Giter Site home page Giter Site logo

imliuruiqi / explainable-qe-shared-task Goto Github PK

View Code? Open in Web Editor NEW

This project forked from deep-spin/explainable-qe-shared-task

0.0 1.0 0.0 274 KB

IST-Unbabel 2021 Submission for the Quality Estimation Shared Task

Home Page: https://aclanthology.org/2021.eval4nlp-1.14

License: MIT License

Python 45.39% Shell 0.07% Jupyter Notebook 54.54%

explainable-qe-shared-task's Introduction

Minimalist explainable XLM-R QE system

This repo contains the code for the IST-Unbabel 2021 Submission for the Quality Estimation Shared Task.
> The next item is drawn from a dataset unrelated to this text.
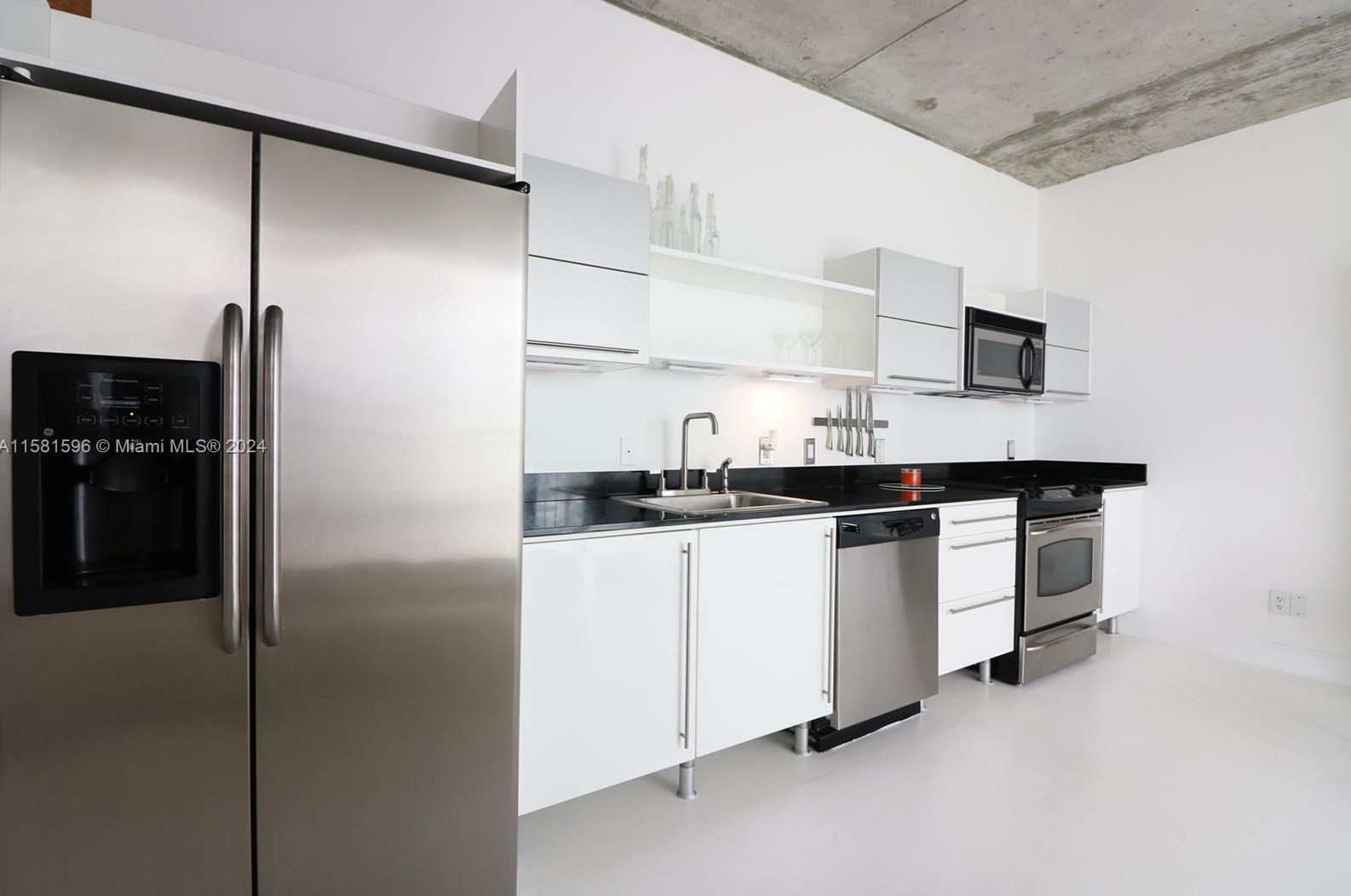 690 1st Ct, Miami FL  33130-2934 exterior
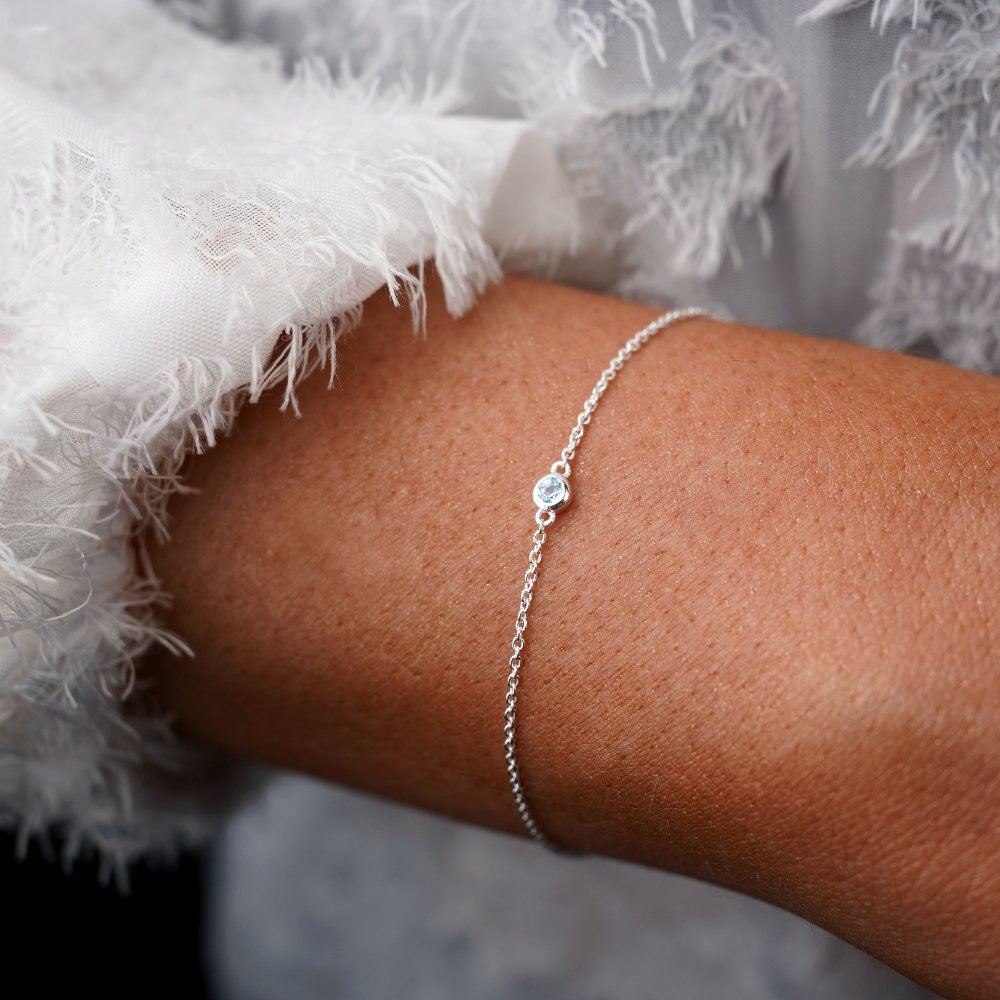 Crystal bracelet with Blue Topaz. Beautiful bracelet with crystal Topaz in silver.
Data from the shared task:

Preprocess the entire MLQE-PE dataset into the shared task format and download/preprocess the test set:

mkdir data
git clone https://github.com/sheffieldnlp/mlqe-pe
bash preprocess_mlqepe.sh
python3 preprocess_mlqepe.py --input-dir mlqe-pe/data/ --output-dir data/
bash download_and_preprocess_test_data.sh
rm -rf mlqe-pe

Installation:

pip install -r requirements.txt
pip install -e .

Training:

Inform a config file via -f:

python3 cli.py train -f configs/xlmr-adapters-shared-task-mlqepe-all-all.yaml

See more config files in the config/ folder. PyTorch models can be found in the model/ folder.

Evaluating:

python3 scripts/evaluate_sentence_level.py train --testset data/ro-en/dev --checkpoint path/to/model.ckpt

For word-level models:

python3 scripts/evaluate_word_level.py train --testset data/ro-en/dev --checkpoint path/to/model.ckpt

Extracting explanations:

For baseline explainers (gradient, leave-one-out, etc.), use explain.py. For example:

python3 scripts/explain.py
  --testset data/ro-en/dev
  --checkpoint path/to/model.ckpt
  --explainer ig
  --save experiments/explanations/roen_ig/
  --batch-size 1

For extracting attention, use explain_attn.py. For example:

python3 scripts/explain_attn.py
  --testset data/ro-en/dev
  --checkpoint path/to/model.ckpt
  --save experiments/explanations/roen_attn
  --batch-size 1

Several folders will be created with their name prefixed by the path informed via the flag --save for:

  • the entire model (average layers via scalar mix)
  • for each layer (average heads)
  • for each head (average the "rows" in the attention map)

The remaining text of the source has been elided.